Die Ankündigung des Free-TV-Kanals war vor einigen Jahren aber nicht nur deshalb überraschend, weil Disney bis dahin eigentlich eher auf das Pay-TV setzte, sondern auch, weil man nach wie vor 50 Prozent an Super RTL hält - vor zehn Jahren hätte man den Sender am liebsten komplett übernommen. Der Disney Channel wirbelte auch beim Kölner Marktführer für Kinderfernsehen so einiges durcheinander. So verzichtet Super RTL in seiner Daytime heute auf Disney-Programme und setzt verstärkt auf Inhalte von Dreamworks Animation, dem Filmstudio von NBCUniversal bzw. Comcast. Noch bis 2020 läuft der Deal zwischen Super RTL und Dreamworks. Auch Inhalte von Warner Bros. laufen inzwischen öfters bei Super RTL als früher. 


Trotz seines furiosen Starts im deutschen Free-TV kam aber auch der Disney Channel nicht um wichtige Learnings herum. So erklärte man etwa erst vor wenigen Wochen, dass man neue Serien in Zukunft lieber später ausstrahlen will. Bislang war die Strategie, neue Serien zur besten Sendezeit zu zeigen, nicht von Erfolg gekrönt. "Die Zuschauerresonanz zeigt uns, dass unsere Library mit kultigen Serien deutlich besser läuft als neuer Serien-Stoff", sagte Programmchef Ralf Gerhardt (DWDL.de berichtete). Gleichzeitig will der Sender in Zukunft noch mehr Eigenproduktionen als bislang zeigen.
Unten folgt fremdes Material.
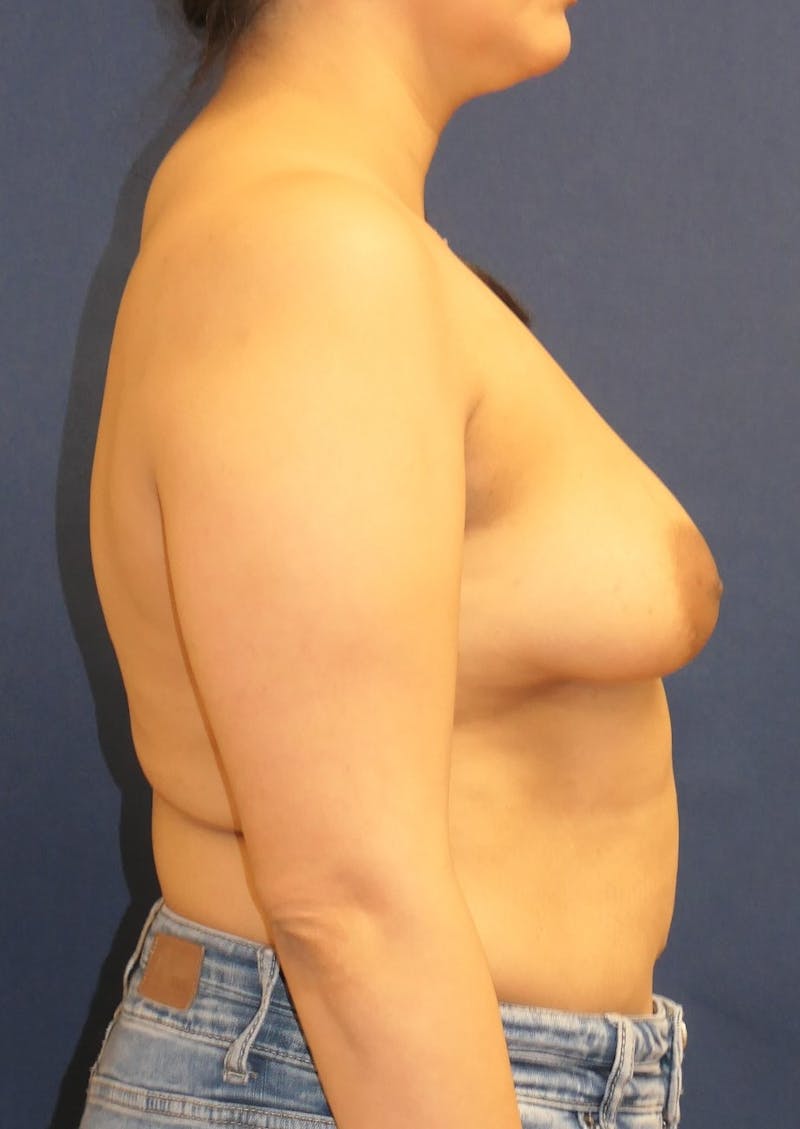 Breast Reconstruction with Implants Only Before & After Gallery - Patient 303264 - Image 5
Nach wie vor steht Disney heutzutage für qualitativ hochwertige Kinderunterhaltung, trotz einiger Kritik, etwa wegen schlechten Arbeitsverhältnissen in chinesischen Fabriken, genießt der Konzern einen tadellosen Ruf. Zu verdanken hat man das den vielen Zeichentrickfiguren, die man seit 1923 geschaffen hat. Allen voran natürlich Mickey Mouse, einem der wohl bekanntesten Markenbotschafter überhaupt. Doch Disney ist weitaus mehr als nur ein bisschen Trickfilm mit Mickey Mouse und Donald Duck sowie den zahlreichen Themen-Parks rund um den Globus.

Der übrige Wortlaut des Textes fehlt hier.